Directions :: Please, without any pictures, transcribe the lines from the one holding "PEDOSFRA pdn obal" to the end of the listing, both ends included.

Supplied records ::
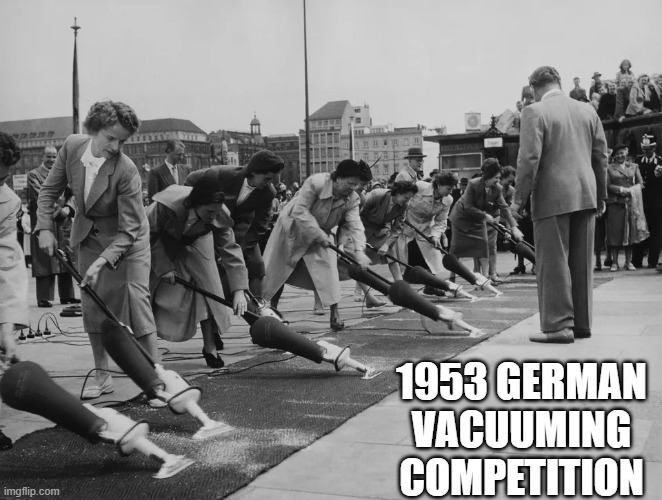 memes by Brad - Vacuuming competition in 1953 Germany | 1953 GERMAN VACUUMING COMPETITION | image tagged in funny,sports,competition,vacuum cleaner,germany,humor | made w/ Imgflip meme maker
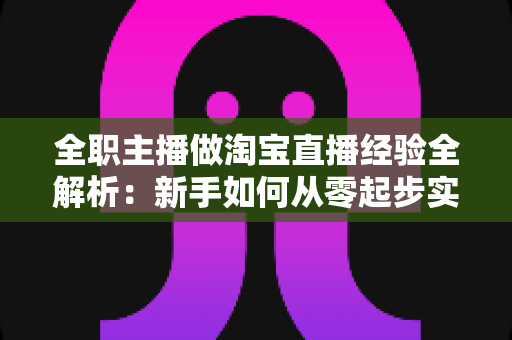 全职主播做淘宝直播经验全解析：新手如何从零起步实现稳定变现？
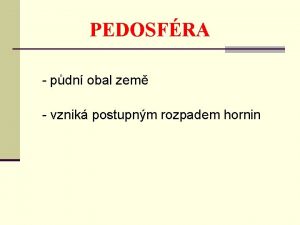 PEDOSFRA pdn obal zem vznik postupnm rozpadem hornin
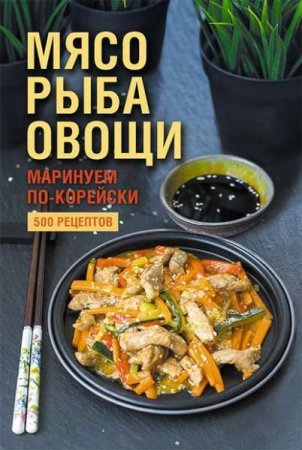 Мясо, рыба, овощи: маринуем по-корейски. 500 рецептов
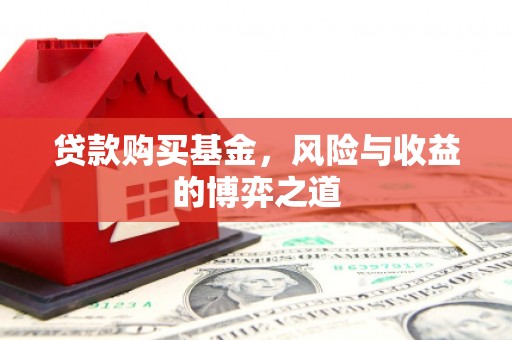 滦平贷款购买基金，风险与收益的博弈之道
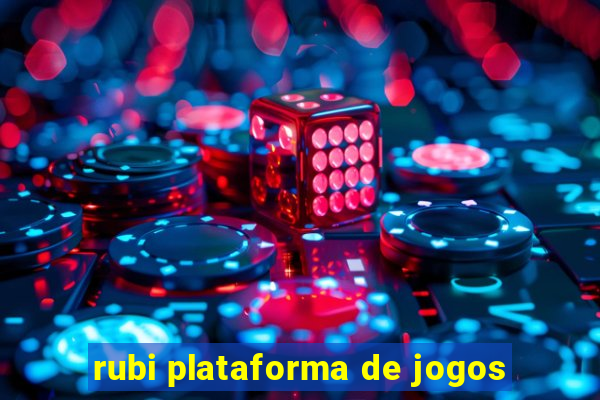 rubi plataforma de jogos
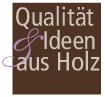 Logo Qualitätund Ideen in Holz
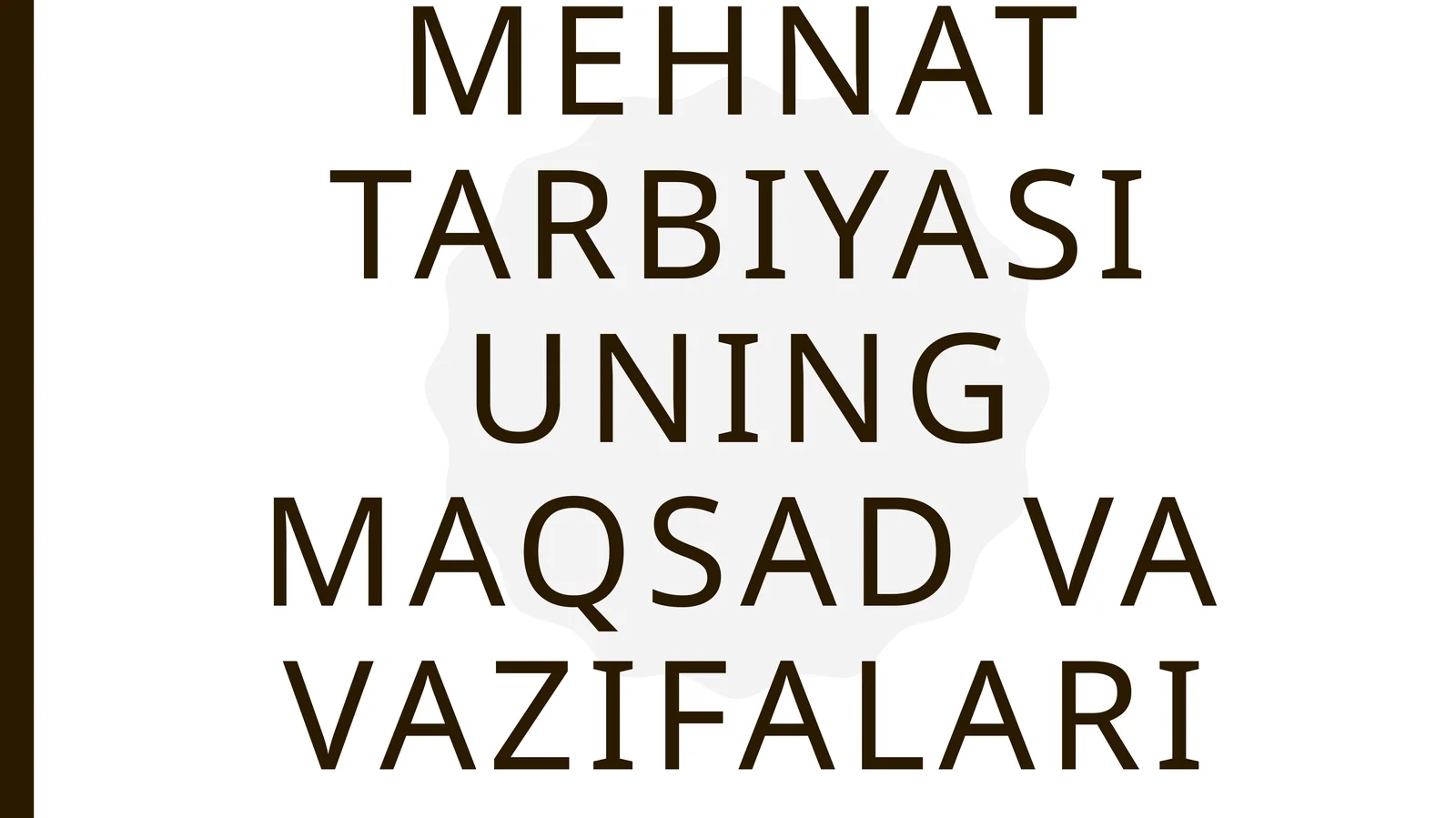 Mehnat tarbiyasi uning maqsad va vazifalari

Exercise response ::
 PEDOSFRA pdn obal zem vznik postupnm rozpadem hornin
 Мясо, рыба, овощи: маринуем по-корейски. 500 рецептов
 滦平贷款购买基金，风险与收益的博弈之道
 rubi plataforma de jogos
 Logo Qualitätund Ideen in Holz
 Mehnat tarbiyasi uning maqsad va vazifalari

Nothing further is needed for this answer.